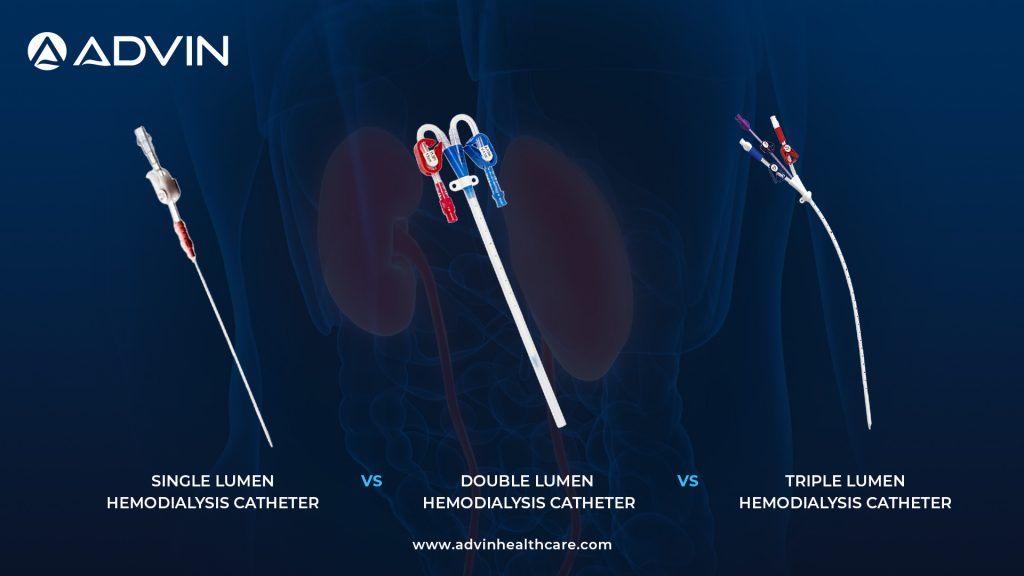 Single Lumen vs Double Lumen vs Triple Lumen Hemodialysis Catheters – Key Differences Explained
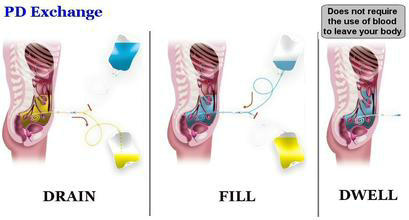 居家治疗肾衰的简易腹膜透析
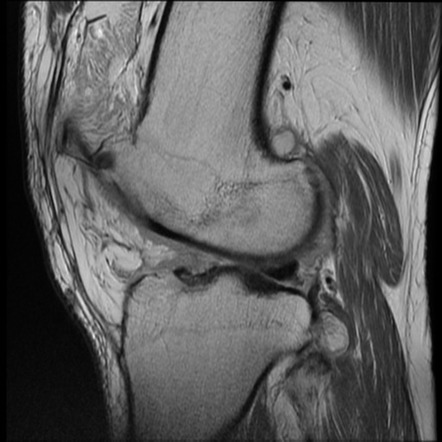 Lipoma arborescens | Radiology Case | Radiopaedia.org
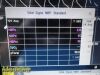PHILIPS 2016  Intellivue MP5SC Spot Check (TEMP SPO2 NBP) W/ Leads~ Monitor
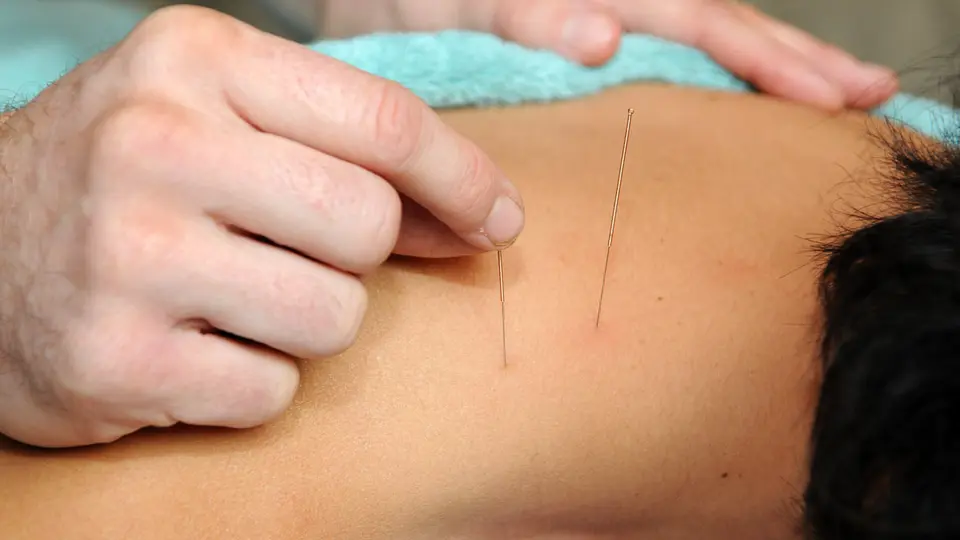 Close view of dry needling being performed as an optional treatment technique.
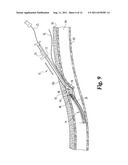 VASCULAR SUTURING DEVICE diagram and image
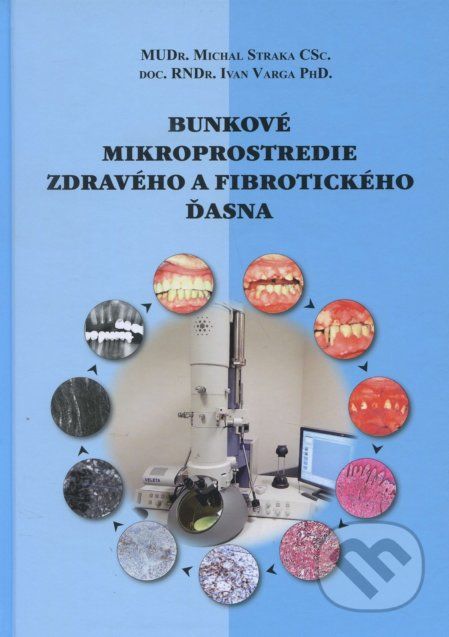 Bunkové mikroprostredie zdravého a fibrotického ďasna - Michal Straka - obrázek 1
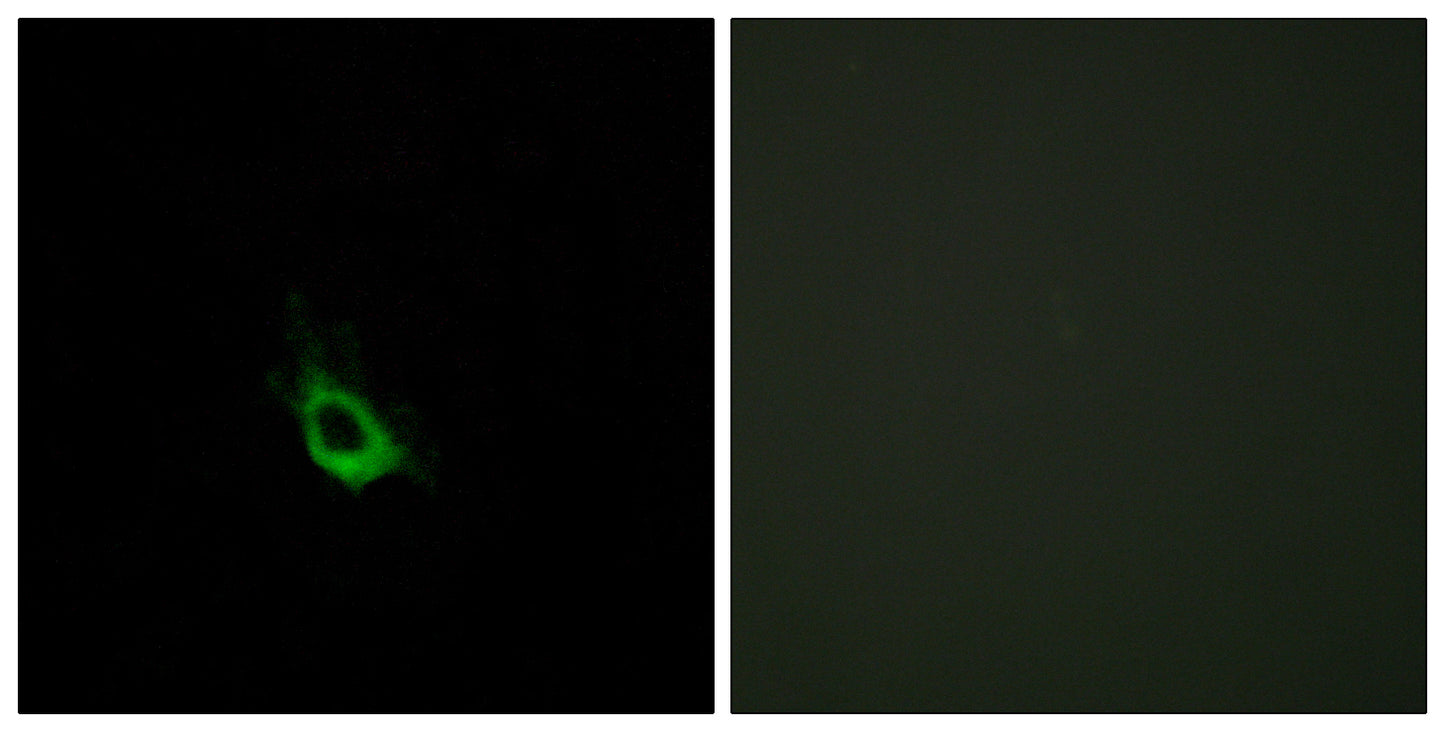 CARD 10 Rabbit Polyclonal Antibody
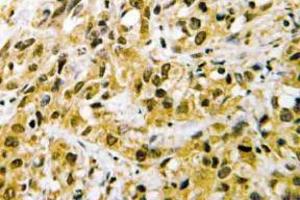 Immunohistochemistry (IHC) analyzes of NF-YC antibody in paraffin-embedded human liver carcinoma tissue. (NFYC anticorps)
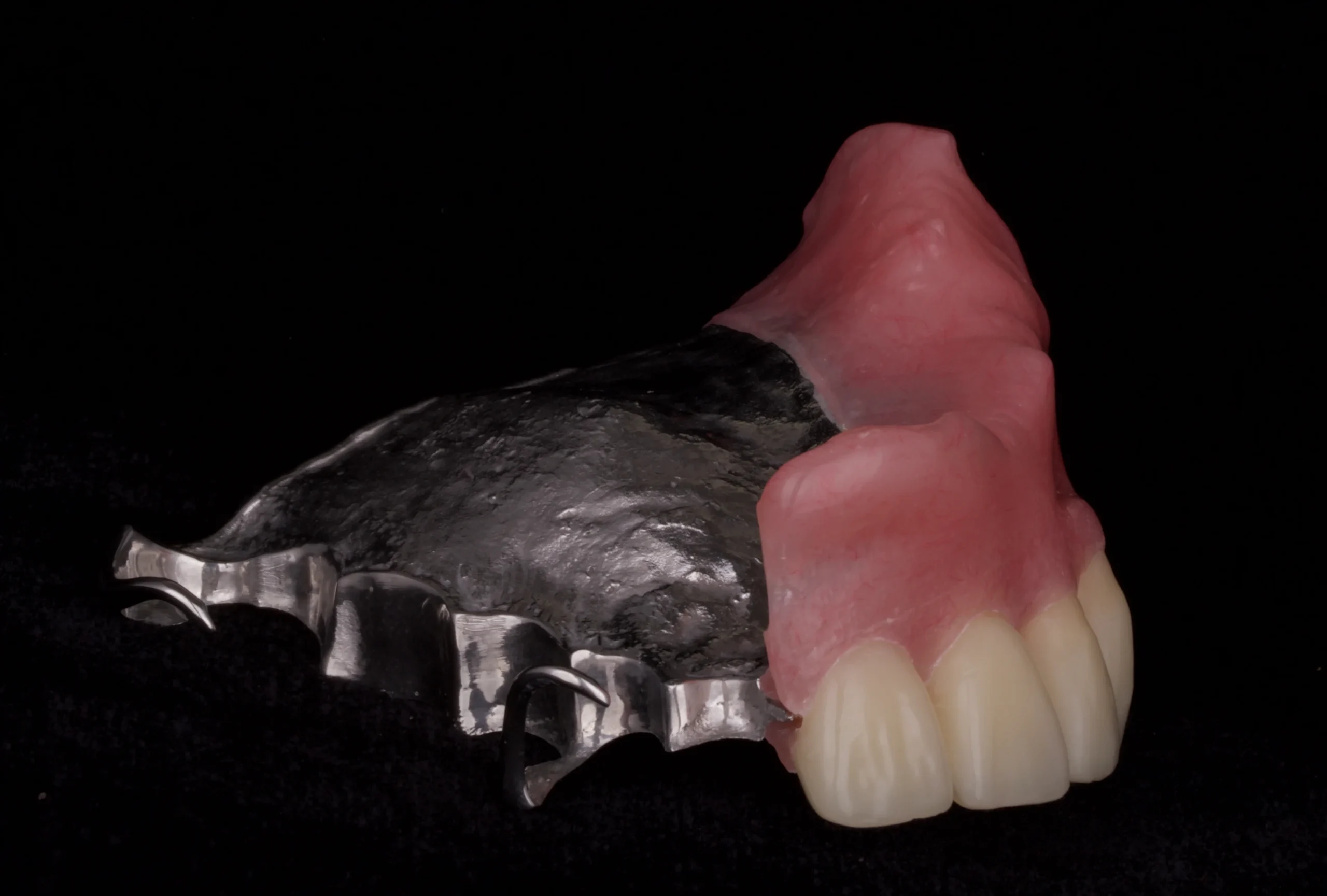 obturator Maxillofacial Prosthodontics Dental Specialist Richmond VA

> _WHAT THE TASK ASKS_
Return the material as it stands. Leave out the pictures.

> _FINISHED TASK_
 Single Lumen vs Double Lumen vs Triple Lumen Hemodialysis Catheters – Key Differences Explained
 居家治疗肾衰的简易腹膜透析
 Lipoma arborescens | Radiology Case | Radiopaedia.org
PHILIPS 2016  Intellivue MP5SC Spot Check (TEMP SPO2 NBP) W/ Leads~ Monitor
 Close view of dry needling being performed as an optional treatment technique.
 VASCULAR SUTURING DEVICE diagram and image
 Bunkové mikroprostredie zdravého a fibrotického ďasna - Michal Straka - obrázek 1
 CARD 10 Rabbit Polyclonal Antibody
 Immunohistochemistry (IHC) analyzes of NF-YC antibody in paraffin-embedded human liver carcinoma tissue. (NFYC anticorps)
 obturator Maxillofacial Prosthodontics Dental Specialist Richmond VA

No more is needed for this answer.